# Describing Races



## Lalaithion (Jun 23, 2012)

First: I am not talking about elves, or dwarves, or ogres -- I am talking about the different races (ethnicities) we have on earth.

I am having trouble describing ethnicities in my fantasy world without resorting to using descriptors that only make sense on earth. No one in Middle Earth is going to know what a "russian" looks like. Can anyone help me make descriptions for the many ethnicities that exist on earth?


----------



## Eeirail (Jun 23, 2012)

Simply build a place in your middle- Earth that would be the equivilent of Russia, and creat a new race from that, I might not be grasping the actual concept of what you are asking, if not, tell me and I will gladly try again.


----------



## Lawfire (Jun 23, 2012)

You could start with: hair (color, texture, style), facial features (eye shape, eye color, nose, cheeks, chin), body (height, build, skin tone, body hair). You could then add things like speech patterns and accents if you want to use those.


----------



## Feo Takahari (Jun 23, 2012)

If you're working from an in-universe POV, try describing what that POV notices about other races (or, if there are a lot of differences, describing what that POV notices first.) Of course, this makes it a bit tricky to describe the POV character's own race.


----------



## shangrila (Jun 24, 2012)

You just have to describe them like you would any other character. Thier face, stature, clothes, etc. Then, if you want, you can add a few extra words to link it to the culture. For example, "he wore such and such, like all desert people".


----------



## Ophiucha (Jun 24, 2012)

First, it depends on your world. Is your world full of fantasy counterpart cultures? You may not have a China to say people look Chinese, but if you have a Xio Pan, most people are intuitive enough to figure out that the people of such a culture have vaguely east Asian characteristics. You may not have a Japan, but there aren't many white people named "Sakura", so even if she's from 'Moryo', we can assume that a girl named Sakura is Japanese.
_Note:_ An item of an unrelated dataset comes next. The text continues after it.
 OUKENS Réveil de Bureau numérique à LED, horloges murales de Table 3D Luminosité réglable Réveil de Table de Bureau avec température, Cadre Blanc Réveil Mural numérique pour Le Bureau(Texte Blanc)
If you don't have fantasy counterpart cultures, here is a great reference.
Guide to Human Types, this is specifically an artist's guide, but it does wonderfully break down every minute feature between people of different races and nationalities, from head shape to average height to colour of their skin. Getting a breakdown of every feature could help in describing someone you want to look a certain way in the reader's eyes.


----------



## amar654 (Jun 26, 2012)

its easy to describe some one stereotypicaly, such as jappenese: yellow looking skin, black hair, small eyes, slender build


----------



## Caliburn (Jun 29, 2012)

Perhaps reading other people's fiction and borrowing those descriptions wholesale?

For example, James Clavell's "Shogun" describes the appearances of Japanese people in vivid detail. One of its sequels, Tai-Pan, describes Chinese people a lot. The contrast of these cultures to the European characters was central to the story, so it got plenty of attention. If you can find similar kinds of stories revolving around travel or culture-shock in other parts of the world they might yield similarly rich descriptions of other cultures.


----------



## dyga19 (Jul 10, 2012)

I think the best approach would be to refer to them based on their home regions; for instance, someone from the a region called Zefer would be called a Zeferian, one form Rosic would be Rosican, etc. Then describe them based on height, body build, facial structure, and hair & skin pigmentation, as these are the common variables when looking at the different races of people on Earth. So, a Zeferian could be tall and slender, have a pointed, somewhat elongated face, wide, slanted eyes, dark skin, and platinum blonde hair. Anyway, I hope this helps out a bit.


----------